Task to complete - Begin at the line below that has "Памятник башмачнику Кимры" and stop after the line that has "buttoned court train wedding gown". Please restate only those lines, word for word.

Scraped caption text data -
◆ ◆ ◆ ◆ ◆
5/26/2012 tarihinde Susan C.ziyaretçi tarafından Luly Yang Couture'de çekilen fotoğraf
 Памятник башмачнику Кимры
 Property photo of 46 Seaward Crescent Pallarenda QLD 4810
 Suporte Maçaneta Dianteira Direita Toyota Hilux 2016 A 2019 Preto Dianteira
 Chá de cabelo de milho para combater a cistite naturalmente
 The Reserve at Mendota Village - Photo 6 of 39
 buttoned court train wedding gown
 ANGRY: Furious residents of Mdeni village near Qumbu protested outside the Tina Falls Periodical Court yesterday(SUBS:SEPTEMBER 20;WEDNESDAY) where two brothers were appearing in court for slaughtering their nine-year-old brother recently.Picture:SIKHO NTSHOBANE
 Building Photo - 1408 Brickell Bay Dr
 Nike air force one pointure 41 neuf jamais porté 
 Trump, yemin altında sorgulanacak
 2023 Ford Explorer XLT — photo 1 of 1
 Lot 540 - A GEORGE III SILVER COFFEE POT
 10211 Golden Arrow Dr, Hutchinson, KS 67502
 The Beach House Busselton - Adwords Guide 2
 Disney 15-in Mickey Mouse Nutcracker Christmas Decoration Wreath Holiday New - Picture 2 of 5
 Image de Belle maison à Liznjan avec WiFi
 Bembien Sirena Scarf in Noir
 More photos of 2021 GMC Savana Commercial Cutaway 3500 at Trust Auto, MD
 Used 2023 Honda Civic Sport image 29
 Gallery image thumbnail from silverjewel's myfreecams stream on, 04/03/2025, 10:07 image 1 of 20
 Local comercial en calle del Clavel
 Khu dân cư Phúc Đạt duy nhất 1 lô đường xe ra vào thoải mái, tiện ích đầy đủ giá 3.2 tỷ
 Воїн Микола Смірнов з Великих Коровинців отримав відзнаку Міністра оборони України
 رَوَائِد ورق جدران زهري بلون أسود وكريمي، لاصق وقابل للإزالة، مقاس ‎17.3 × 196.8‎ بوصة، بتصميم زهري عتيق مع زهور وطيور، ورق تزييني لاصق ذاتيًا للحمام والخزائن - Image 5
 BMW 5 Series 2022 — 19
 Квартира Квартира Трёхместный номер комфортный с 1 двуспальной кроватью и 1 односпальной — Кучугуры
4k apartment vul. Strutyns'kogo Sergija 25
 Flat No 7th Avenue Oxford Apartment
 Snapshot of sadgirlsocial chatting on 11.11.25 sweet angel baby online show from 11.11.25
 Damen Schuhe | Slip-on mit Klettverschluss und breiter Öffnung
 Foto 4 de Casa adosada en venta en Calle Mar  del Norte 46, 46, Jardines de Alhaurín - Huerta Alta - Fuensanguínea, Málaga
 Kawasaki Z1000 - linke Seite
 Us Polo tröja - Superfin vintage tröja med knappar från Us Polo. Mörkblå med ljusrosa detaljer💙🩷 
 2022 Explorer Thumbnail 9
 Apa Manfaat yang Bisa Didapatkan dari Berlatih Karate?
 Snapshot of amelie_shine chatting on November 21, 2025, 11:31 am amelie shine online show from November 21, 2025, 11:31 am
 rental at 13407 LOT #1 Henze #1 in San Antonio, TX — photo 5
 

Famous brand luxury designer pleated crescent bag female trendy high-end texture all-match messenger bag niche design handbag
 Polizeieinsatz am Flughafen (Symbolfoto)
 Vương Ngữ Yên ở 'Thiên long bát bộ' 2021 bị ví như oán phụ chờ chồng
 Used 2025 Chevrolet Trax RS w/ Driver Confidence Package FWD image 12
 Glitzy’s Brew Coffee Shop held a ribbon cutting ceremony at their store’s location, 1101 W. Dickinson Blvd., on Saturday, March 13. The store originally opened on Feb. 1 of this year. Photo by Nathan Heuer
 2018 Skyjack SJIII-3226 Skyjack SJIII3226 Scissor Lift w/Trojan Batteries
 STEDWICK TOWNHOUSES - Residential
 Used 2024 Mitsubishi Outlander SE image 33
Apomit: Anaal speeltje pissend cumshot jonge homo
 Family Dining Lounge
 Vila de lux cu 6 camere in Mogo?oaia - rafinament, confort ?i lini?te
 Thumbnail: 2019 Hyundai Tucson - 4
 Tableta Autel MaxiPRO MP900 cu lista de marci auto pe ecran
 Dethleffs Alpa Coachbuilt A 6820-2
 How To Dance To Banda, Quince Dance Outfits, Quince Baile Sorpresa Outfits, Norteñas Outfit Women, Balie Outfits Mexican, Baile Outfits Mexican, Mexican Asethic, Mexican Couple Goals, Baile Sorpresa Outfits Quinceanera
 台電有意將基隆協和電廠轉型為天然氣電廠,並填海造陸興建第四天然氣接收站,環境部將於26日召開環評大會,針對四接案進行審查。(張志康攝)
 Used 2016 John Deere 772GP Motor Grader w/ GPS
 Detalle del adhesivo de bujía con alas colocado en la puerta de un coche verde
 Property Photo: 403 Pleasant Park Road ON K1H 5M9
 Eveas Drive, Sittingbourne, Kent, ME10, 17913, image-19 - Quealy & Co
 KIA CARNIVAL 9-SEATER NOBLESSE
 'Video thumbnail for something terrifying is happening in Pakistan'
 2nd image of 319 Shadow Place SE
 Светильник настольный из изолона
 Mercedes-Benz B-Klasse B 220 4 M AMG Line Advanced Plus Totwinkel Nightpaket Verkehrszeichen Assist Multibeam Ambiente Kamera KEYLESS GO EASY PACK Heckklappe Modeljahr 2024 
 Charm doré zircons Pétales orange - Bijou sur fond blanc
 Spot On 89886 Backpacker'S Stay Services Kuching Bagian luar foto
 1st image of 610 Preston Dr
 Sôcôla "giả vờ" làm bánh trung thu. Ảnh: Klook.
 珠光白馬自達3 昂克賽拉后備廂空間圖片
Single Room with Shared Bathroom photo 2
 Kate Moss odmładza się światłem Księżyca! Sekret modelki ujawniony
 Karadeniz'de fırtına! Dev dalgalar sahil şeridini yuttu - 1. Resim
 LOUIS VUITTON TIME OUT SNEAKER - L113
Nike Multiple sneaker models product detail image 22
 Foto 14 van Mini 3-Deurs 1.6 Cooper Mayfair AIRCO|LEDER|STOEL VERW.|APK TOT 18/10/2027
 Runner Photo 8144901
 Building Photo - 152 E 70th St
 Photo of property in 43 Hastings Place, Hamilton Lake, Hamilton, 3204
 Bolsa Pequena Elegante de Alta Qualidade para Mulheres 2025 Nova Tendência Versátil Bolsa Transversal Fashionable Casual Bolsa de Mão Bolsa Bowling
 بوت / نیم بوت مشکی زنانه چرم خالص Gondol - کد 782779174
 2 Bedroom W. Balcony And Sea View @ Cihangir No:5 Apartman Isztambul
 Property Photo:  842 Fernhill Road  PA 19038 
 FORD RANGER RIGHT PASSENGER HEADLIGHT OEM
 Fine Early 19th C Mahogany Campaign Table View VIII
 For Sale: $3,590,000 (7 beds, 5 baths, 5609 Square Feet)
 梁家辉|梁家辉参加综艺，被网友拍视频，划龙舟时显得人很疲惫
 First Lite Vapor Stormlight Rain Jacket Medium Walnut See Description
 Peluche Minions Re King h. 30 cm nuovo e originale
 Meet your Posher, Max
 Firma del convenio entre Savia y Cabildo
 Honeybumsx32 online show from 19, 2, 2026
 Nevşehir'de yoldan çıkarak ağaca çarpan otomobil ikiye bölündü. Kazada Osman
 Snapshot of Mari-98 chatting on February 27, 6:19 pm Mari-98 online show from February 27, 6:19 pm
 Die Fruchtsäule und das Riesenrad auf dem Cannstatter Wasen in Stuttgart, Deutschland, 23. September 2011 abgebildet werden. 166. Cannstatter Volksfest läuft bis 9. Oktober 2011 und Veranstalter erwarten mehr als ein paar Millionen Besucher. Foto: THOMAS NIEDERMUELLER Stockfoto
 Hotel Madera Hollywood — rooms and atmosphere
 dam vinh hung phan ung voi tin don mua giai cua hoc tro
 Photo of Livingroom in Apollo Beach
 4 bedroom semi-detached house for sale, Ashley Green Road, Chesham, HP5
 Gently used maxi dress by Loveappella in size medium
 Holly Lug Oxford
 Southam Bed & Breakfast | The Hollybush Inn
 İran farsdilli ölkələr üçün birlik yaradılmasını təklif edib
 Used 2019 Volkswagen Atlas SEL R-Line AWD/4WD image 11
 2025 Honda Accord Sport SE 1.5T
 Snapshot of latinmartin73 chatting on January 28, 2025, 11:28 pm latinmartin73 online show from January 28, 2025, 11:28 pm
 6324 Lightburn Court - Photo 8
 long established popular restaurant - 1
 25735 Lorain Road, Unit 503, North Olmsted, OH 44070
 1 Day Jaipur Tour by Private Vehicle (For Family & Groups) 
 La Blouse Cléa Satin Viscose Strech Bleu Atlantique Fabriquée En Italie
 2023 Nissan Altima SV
◆ ◆ ◆ ◆ ◆
Task response -
 Памятник башмачнику Кимры
 Property photo of 46 Seaward Crescent Pallarenda QLD 4810
 Suporte Maçaneta Dianteira Direita Toyota Hilux 2016 A 2019 Preto Dianteira
 Chá de cabelo de milho para combater a cistite naturalmente
 The Reserve at Mendota Village - Photo 6 of 39
 buttoned court train wedding gown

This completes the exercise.